La Francia, però, sembra volersi ostinare nel rifiutarsi di vederlo. Nonostante sia un problema documentato da organismi nazionali e internazionali indipendenti, «c’è ancora una smentita. Le autorità francesi continuano a sostenere che non esiste alcun problema sistemico nella polizia francese, si tratta solo di un paio di individui che potrebbero comportarsi male» ha spiegato Maïté De Rue, avvocato senior della Open Society Justice Initiative.

«I tragici eventi di quest’estate hanno mostrato alla Francia e al mondo ancora una volta che qualcosa è profondamente rotto nella polizia francese», ha aggiunto, spiegando come i Governi francesi che si sono succeduti e i relativi organi di polizia si siano rifiutati di riconoscere la necessità di un cambiamento sistemico per fermare la discriminazione profondamente radicata nei controlli di identità della polizia sui cittadini Bipoc.

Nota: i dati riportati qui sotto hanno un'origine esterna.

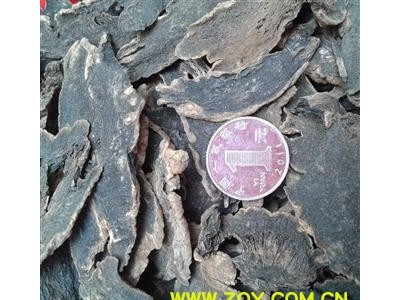 元参 万信药业 玄参斜片大统片 产地 河南省图2
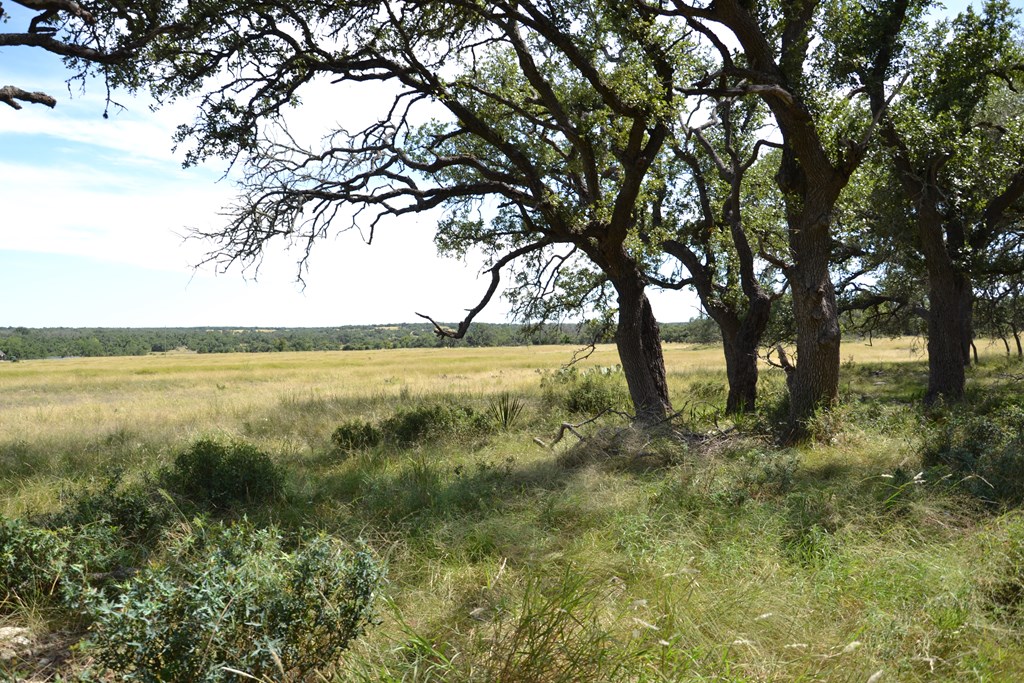 1000 Duderstadt Road, Unit 12 Harper, TX 78631 - Photo 11 of 16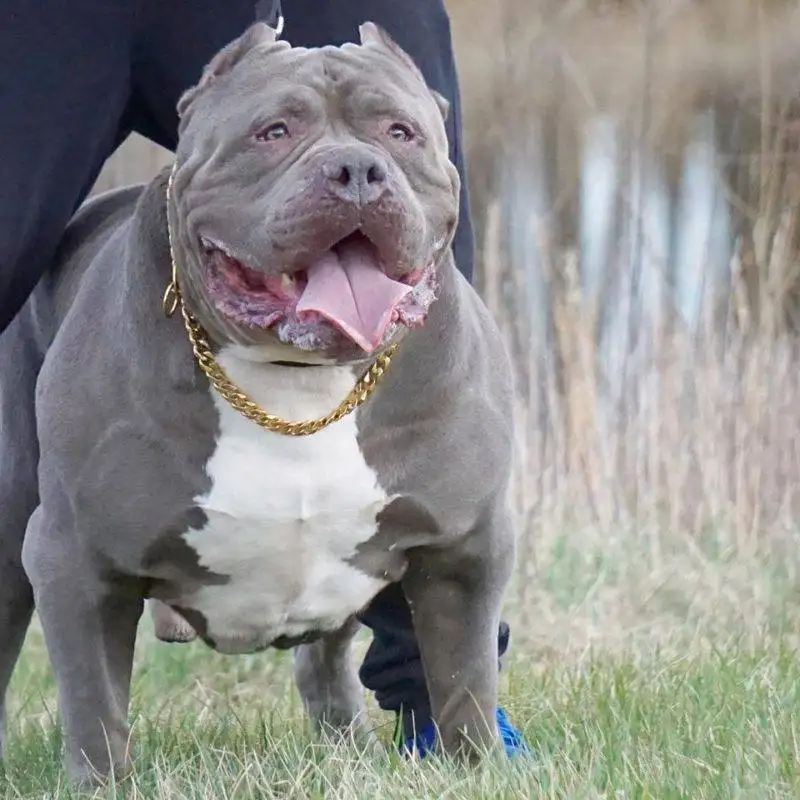 PUPPY PIT BULLS FOR SALE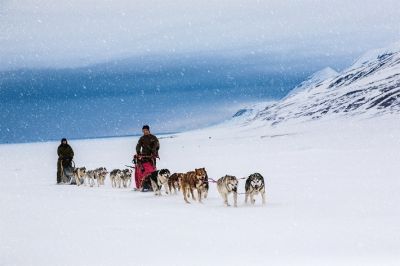 Собаки продолжают преданно служить человеку в суровых природных климатических условиях. Фото: Avatar_023 / Shutterstock.com.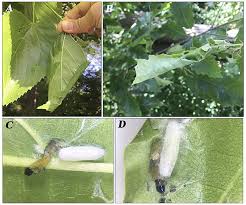 Image result for Archips rosanus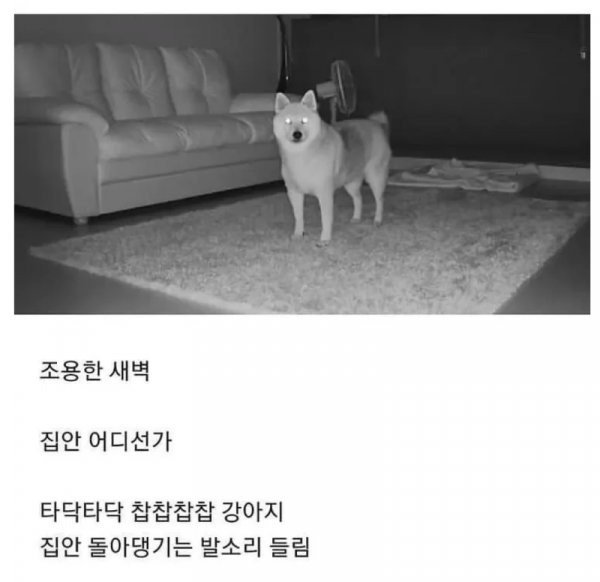 스크린샷 2026-04-12 오전 12.17.13.png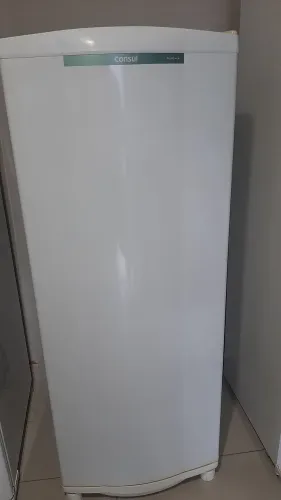 Consul degelo seco 275 litros 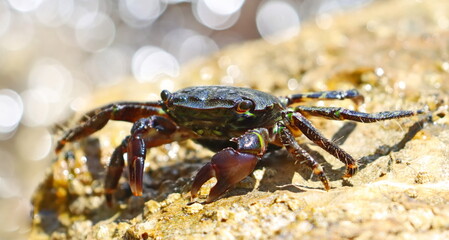 Marbled rock crab on seashore, Pachygrapsus marmoratus, Adriatic Sea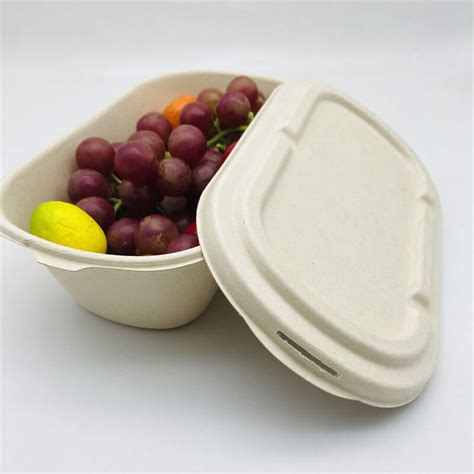 Image result for Compostable Food Containers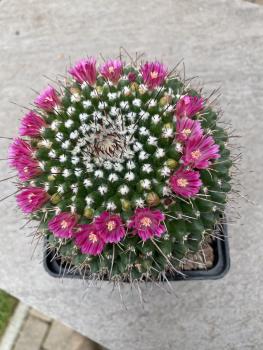 Mammillaria sartorii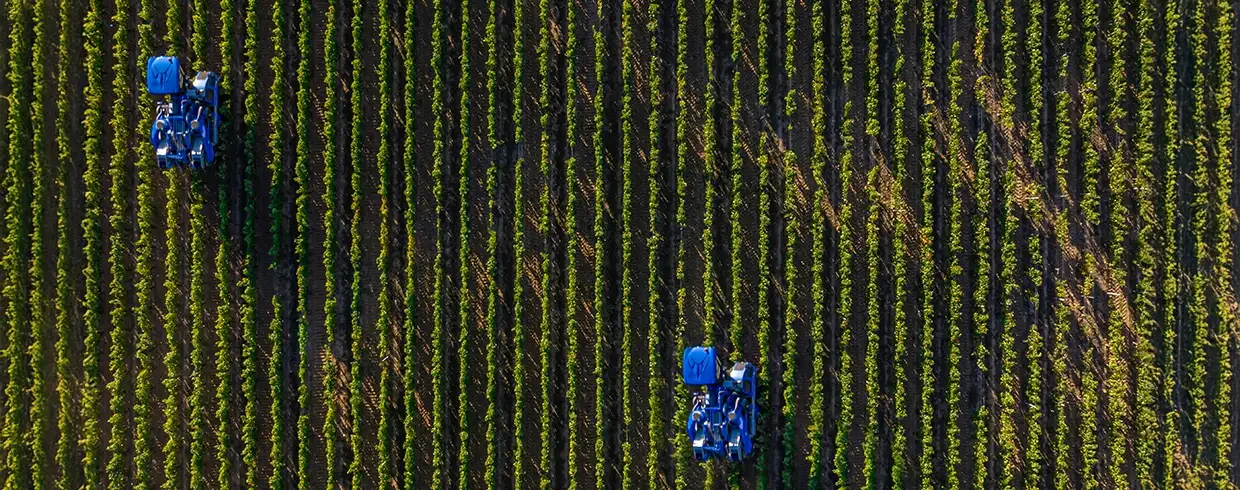 MULTI-MACHINE GRAPE HARVESTING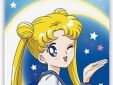 Sailor Moon magneet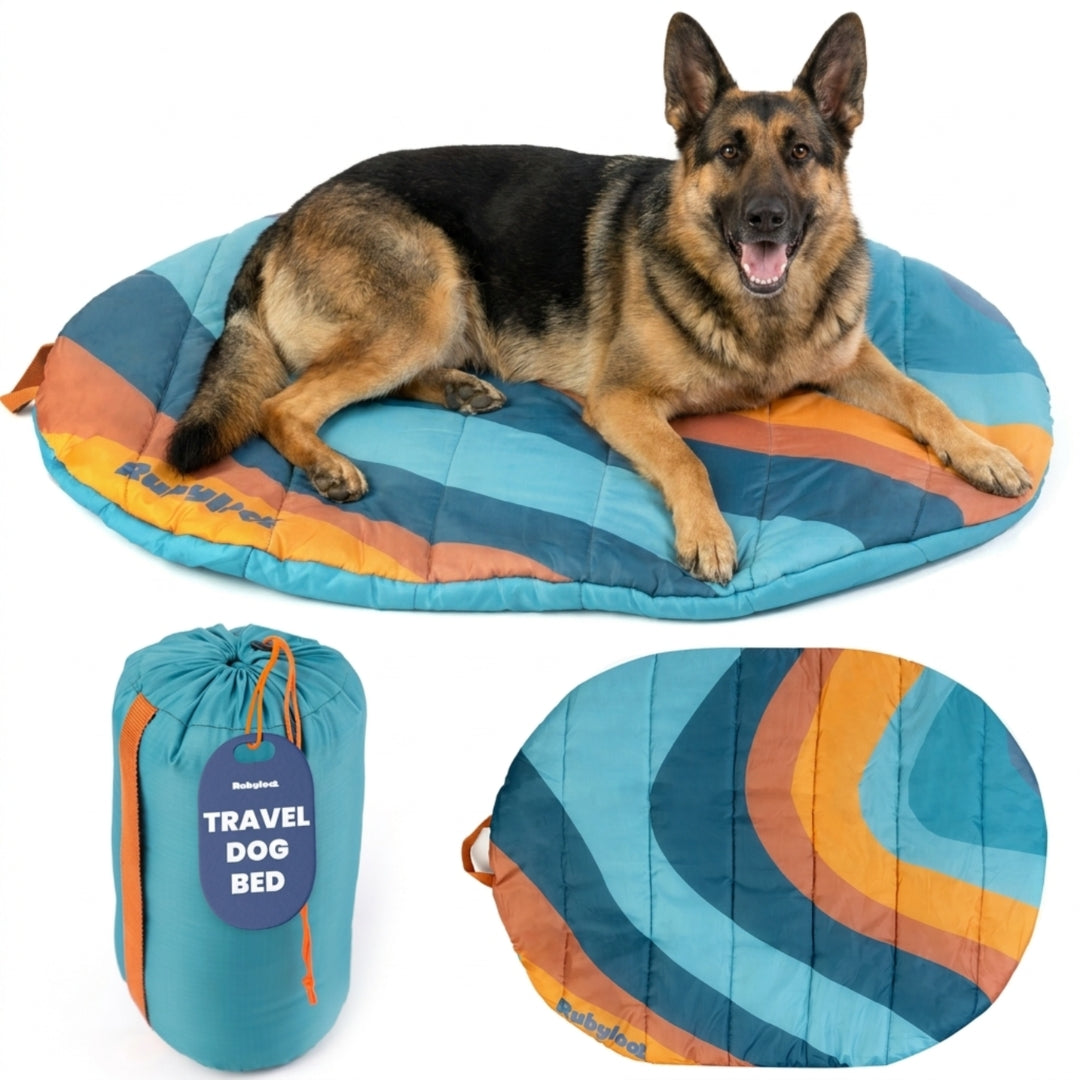 Travel Dog Bed by Rubyloo; foldable teal pillow bed with orange accents, dog resting on bed on Tampa Home & Garden Store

Eppure, nel giugno 2021 la Corte d’appello di Parigi avesse condannato lo Stato francese per “grave negligenza” per quello che ha definito il controllo discriminatorio dell’identità di 3 studenti delle scuole superiori in una stazione ferroviaria di Parigi nel 2017; e già 2016 la più alta corte francese avesse affermato che l’arresto di 3 uomini sulla base di caratteristiche fisiche legate alla loro presunta origine razziale costituiva una condotta gravemente illecita.

«È una cosa che in Francia si denuncia da più di 40 anni, ma non ci sono stati progressi; in effetti, troppo spesso sembra che stiamo andando indietro. I controlli [della polizia] possono iniziare dai 10 o 11 anni, e si concentrano sui giovani. Dopo circa 25 anni rallenta ma non si ferma. Ha un profondo impatto psicologico», ha spiegato Issa Coulibaly dell’associazione Pazapas di Belleville, a nord di Parigi.

È un fenomeno comune, quotidiano, che ogni persona percepita come nera o nordafricana ha subito. E non lo dicono solo le esperienze empiriche, ma i dati. Secondo il rapporto del 2017 del Défenseur du droit, i giovani uomini identificati come magrebini o neri rischiano 20 volte di più di essere fermati dalla polizia, spesso senza motivo.

Non si tratta di casi sporadici, ma di una condizione sistemica. Per questo, l’obiettivo della class action non è ottenere risarcimenti privati, bensì costringere lo Stato a mettere in atto misure per fermare questa pratica, come definizioni più rigorose delle ragioni dei controlli di identità da parte della polizia, un sistema per registrare i controlli e una regolamentazione per quando le autorità prende di mira i bambini.